Les fuites du Stic

Des entreprises ont pu avoir accès au célèbre fichier de la police.

Claude-Marie Vadrot  • 5 avril 2012 abonné·es

Le Système de traitement des infractions constatées (Stic) de la police nationale contient actuellement 45 millions de fiches, comprenant aussi bien les noms des personnes mises en cause que ceux des victimes, tout ça artistiquement mélangé, au gré des compétences des fonctionnaires de police qui ­saisissent les données dans ce gigantesque fichier. Lequel grandit au rythme de 2 ou 3 millions de fiches chaque année. La Commission nationale de l’informatique et des libertés (Cnil) a fréquemment souligné que l’annulation des poursuites, les gardes à vue ne débouchant sur aucune action judiciaire, ou même les affaires classées ou les relaxes ne sont pratiquement jamais signalées, si bien qu’un tiers au moins des informations sont erronées.

Le Stic, mais aussi Judex, le fichier équivalent de la gendarmerie, regroupent ainsi quantité d’informations privées et confidentielles sur les personnes ayant été entendues ou mises en cause par des policiers ou des gendarmes, y compris lorsqu’il s’agissait de simples témoins [^2] : un trésor en quelque sorte, qui provoque la convoitise des entreprises qui cherchent à en savoir davantage sur leurs salariés et sur leurs clients. En tête, les banques, les organismes de crédit, les compagnies d’assurance, qui n’hésitent pas à faire appel aux services d’agences de police privées ou de détectives.

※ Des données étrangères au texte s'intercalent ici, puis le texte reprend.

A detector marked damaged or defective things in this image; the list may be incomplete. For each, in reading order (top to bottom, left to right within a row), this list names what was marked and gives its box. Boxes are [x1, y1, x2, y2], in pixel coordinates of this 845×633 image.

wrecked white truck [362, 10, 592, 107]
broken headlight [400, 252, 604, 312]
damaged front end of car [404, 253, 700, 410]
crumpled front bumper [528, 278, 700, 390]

Ces officines sont en général dirigées par d’anciens gendarmes ou officiers de police, qui ont bien sûr gardé des liens avec leurs collègues en activité. Moyennant finances, ceux-ci autorisent ceux-là à puiser dans les précieux fichiers. Chaque policier ou gendarme en activité doit entrer son code personnel pour avoir accès à la base de données. Mais dans le cadre d’une procédure ou d’une recherche pour les « besoins du service », il est très facile de glisser une demande personnelle sans que cela se remarque.

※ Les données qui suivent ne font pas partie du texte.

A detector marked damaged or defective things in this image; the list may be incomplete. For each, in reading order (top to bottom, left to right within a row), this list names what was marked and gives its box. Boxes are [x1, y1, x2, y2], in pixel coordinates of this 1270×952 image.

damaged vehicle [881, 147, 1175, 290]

L’affaire des renseignements confidentiels obtenus sur des salariés et des clients d’Ikea, ou celle concernant des membres du personnel de Disneyland, pour n’évoquer que les plus connues, illustrent ce recours illégal aux fichiers de police. À chaque fois, les dirigeants des entreprises feignent de tomber des nues, après avoir donné carte blanche à leurs responsables du personnel. Ainsi, Ikea avait passé une « commande » auprès de l’enquêteur privé Jean-Pierre Fourès, relative à 203 salariés d’un magasin de Rouen.
Les compagnies d’assurances et certains cabinets immobiliers ont recours aux mêmes procédés. Les premières se procurent des renseignements médicaux confidentiels, voire l’historique des maladies et des médicaments prescrits, tandis que les seconds tentent de s’informer sur les comptes bancaires et les avoirs en actions.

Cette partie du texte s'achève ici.